--- Dataset extract ---
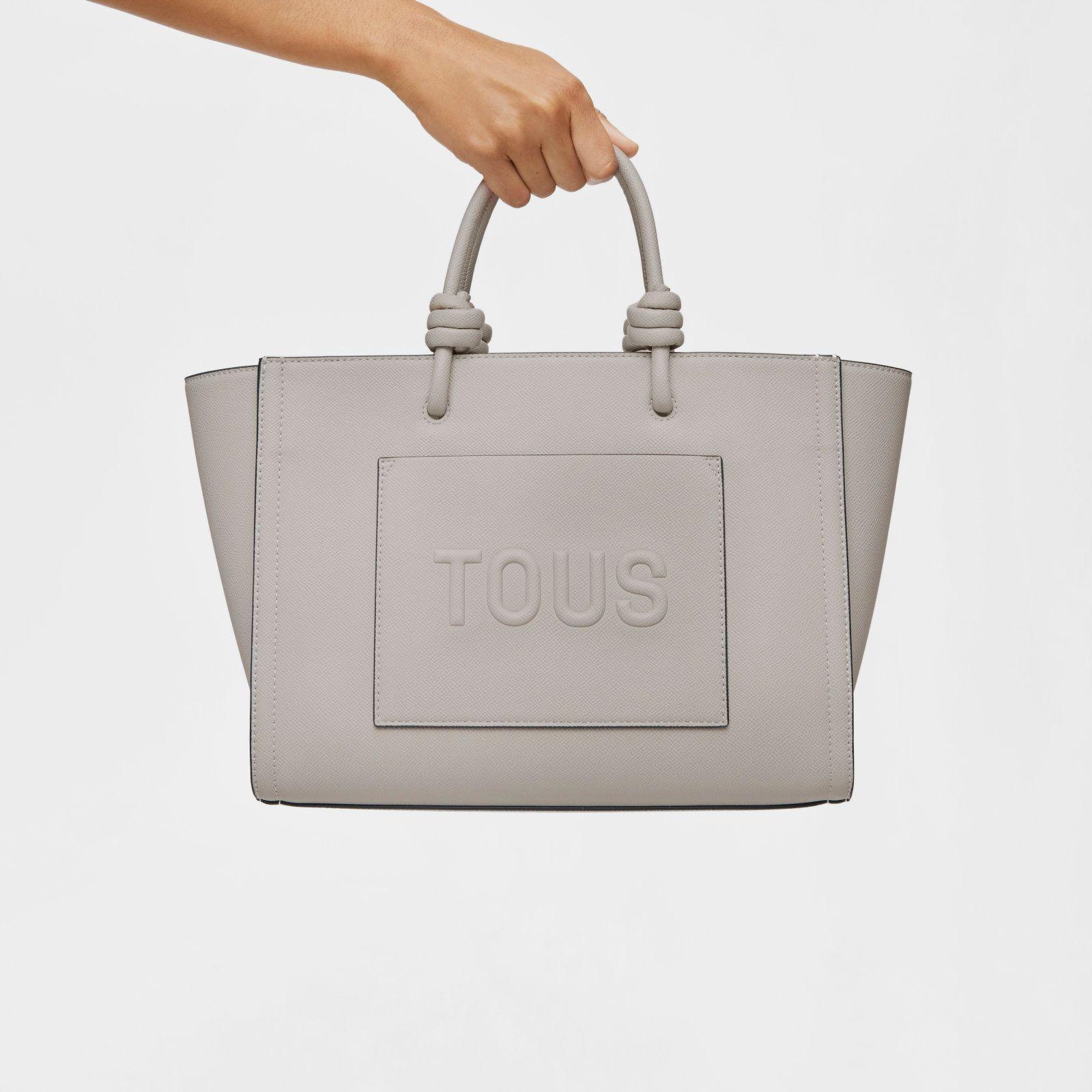 Shopper mediano Amaya gris TOUS La Rue New-5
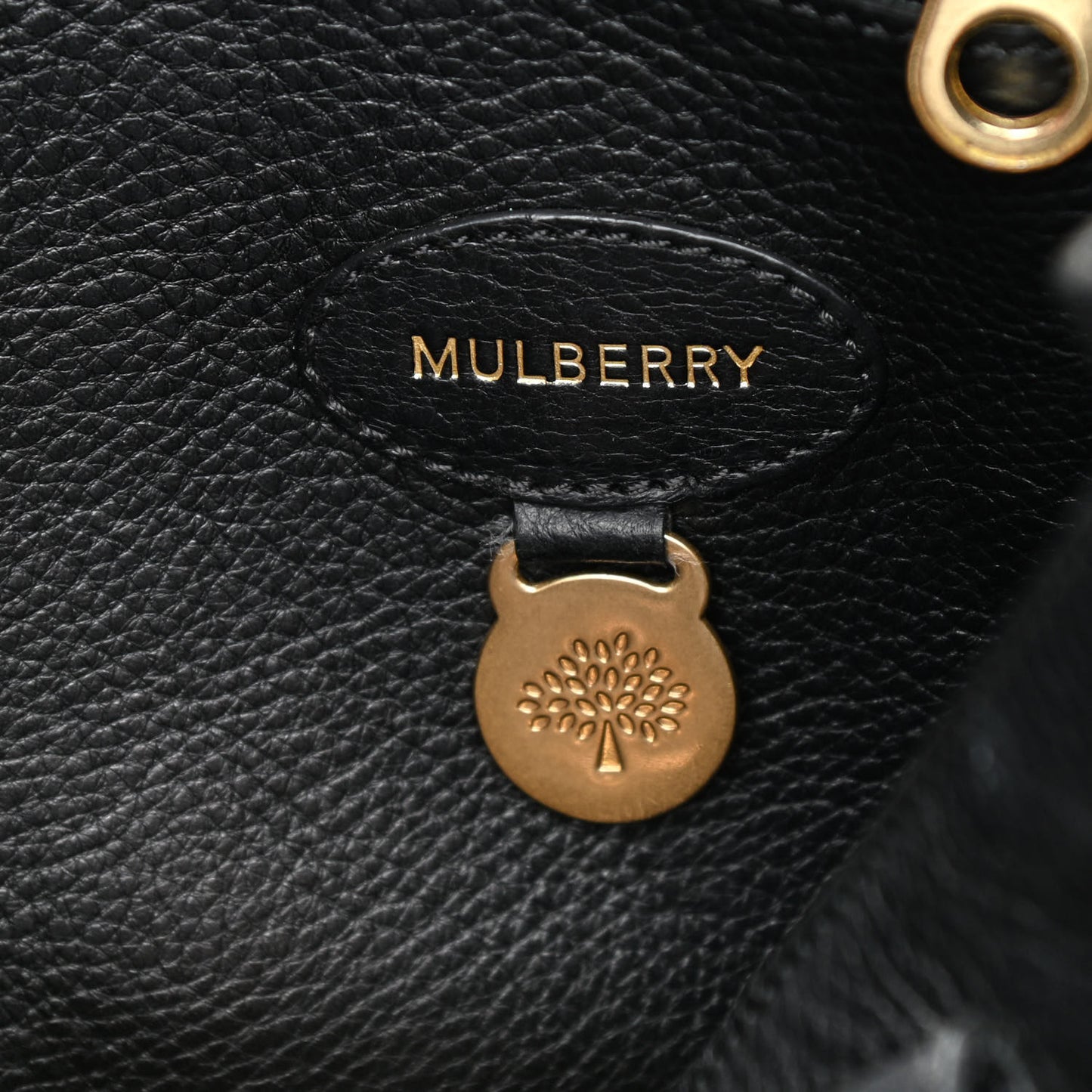 Natural Leather Bayswater Black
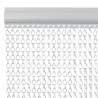 Chain Door Fly Screen 56x202 cm Aluminium - Keep Insects Out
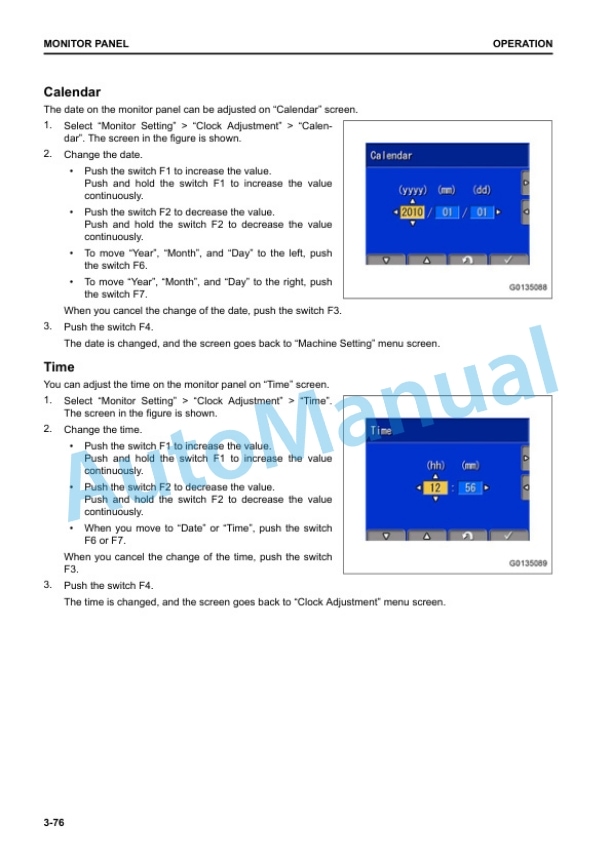 Komatsu FE25G-2, FE30G-2 Forklift Truck Operation and Maintenance Manual YEN00009-01 3 Komatsu FE25G-2, FE30G-2 Forklift Truck Operation and Maintenance Manual YEN00009-01 - Image 3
---
Task
Where the material contains pictures, leave them out and copy the rest verbatim.

Task output
 Shopper mediano Amaya gris TOUS La Rue New-5
 Natural Leather Bayswater Black
 Chain Door Fly Screen 56x202 cm Aluminium - Keep Insects Out
 Komatsu FE25G-2, FE30G-2 Forklift Truck Operation and Maintenance Manual YEN00009-01 3 Komatsu FE25G-2, FE30G-2 Forklift Truck Operation and Maintenance Manual YEN00009-01 - Image 3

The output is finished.